**Given records:**
┌──

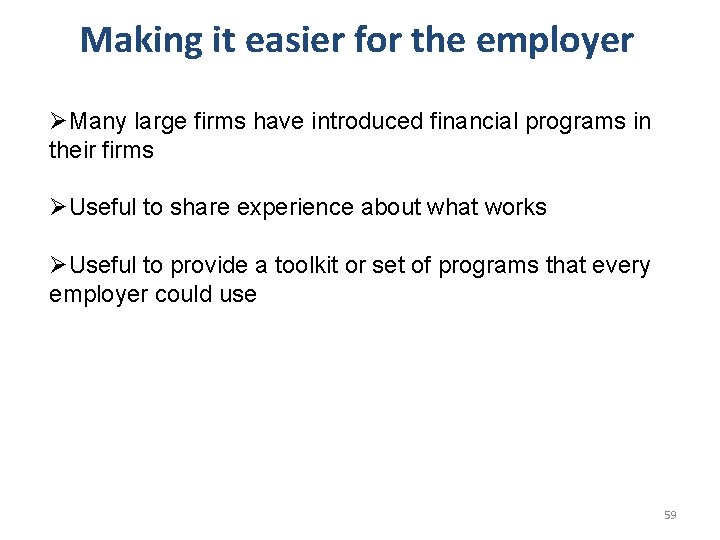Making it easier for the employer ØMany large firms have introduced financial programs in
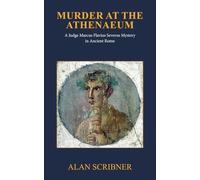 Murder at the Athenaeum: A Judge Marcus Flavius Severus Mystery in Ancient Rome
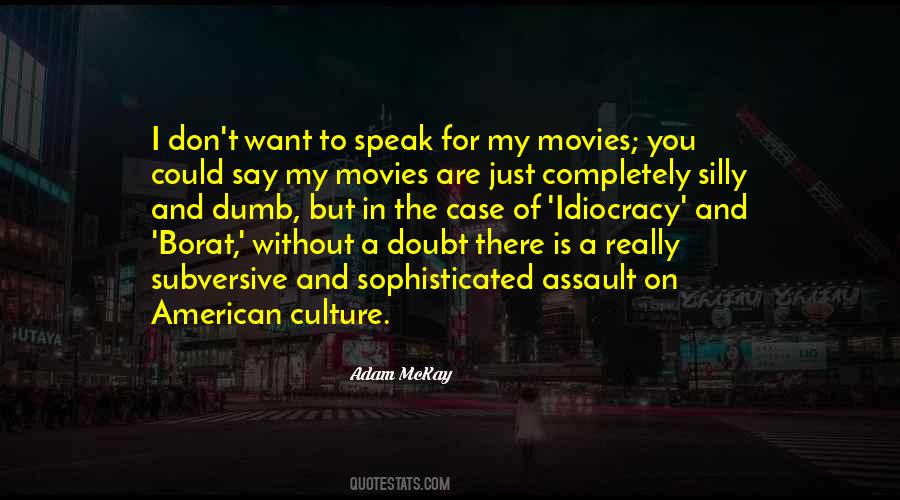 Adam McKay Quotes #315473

└──
┌──

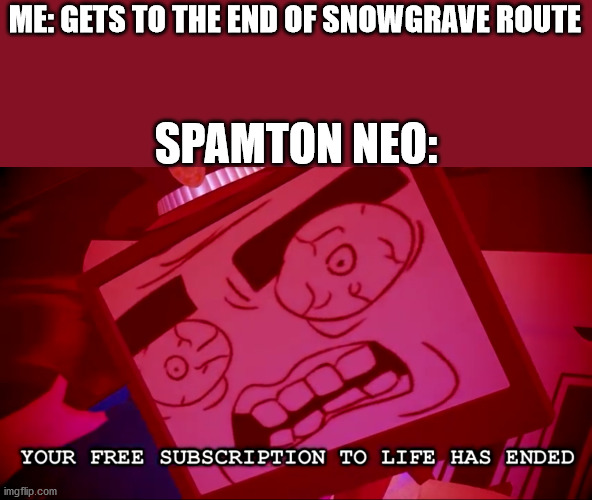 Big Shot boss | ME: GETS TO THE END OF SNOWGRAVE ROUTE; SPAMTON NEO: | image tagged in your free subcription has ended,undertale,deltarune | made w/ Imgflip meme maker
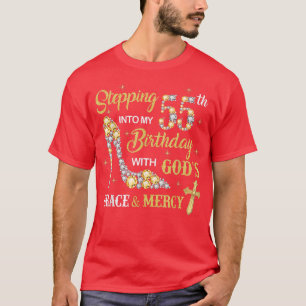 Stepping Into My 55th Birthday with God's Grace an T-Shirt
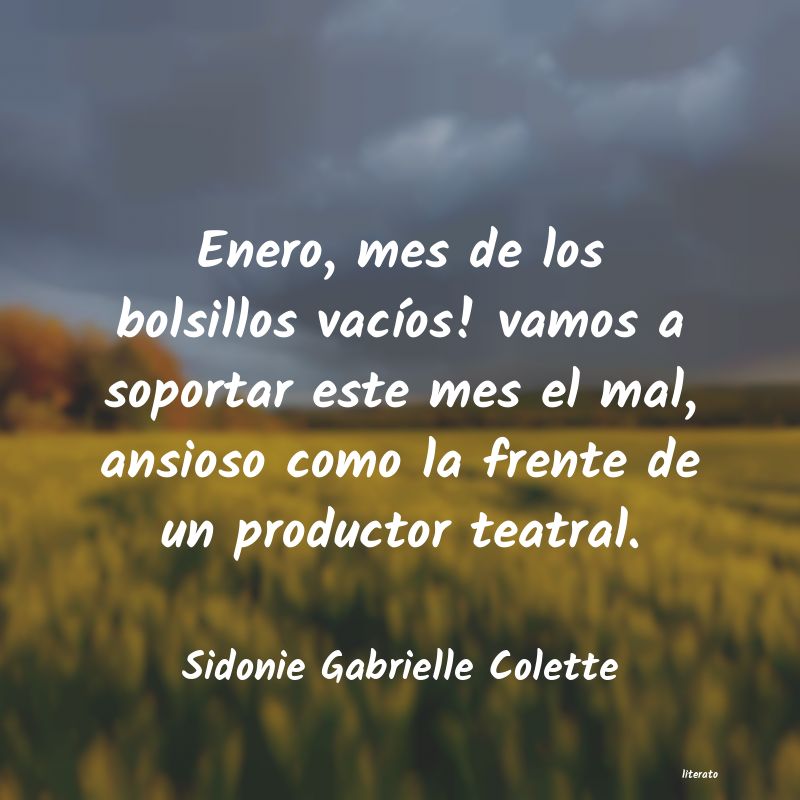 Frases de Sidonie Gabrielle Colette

└──

**What the exercise asks:**
Range to copy from the listing above: the line with "Big Shot boss" through the line with "Frases de Sidonie Gabrielle Colette". Transcribe it exactly and skip the pictures.

**Result below:**
 Big Shot boss | ME: GETS TO THE END OF SNOWGRAVE ROUTE; SPAMTON NEO: | image tagged in your free subcription has ended,undertale,deltarune | made w/ Imgflip meme maker
 Stepping Into My 55th Birthday with God's Grace an T-Shirt
 Frases de Sidonie Gabrielle Colette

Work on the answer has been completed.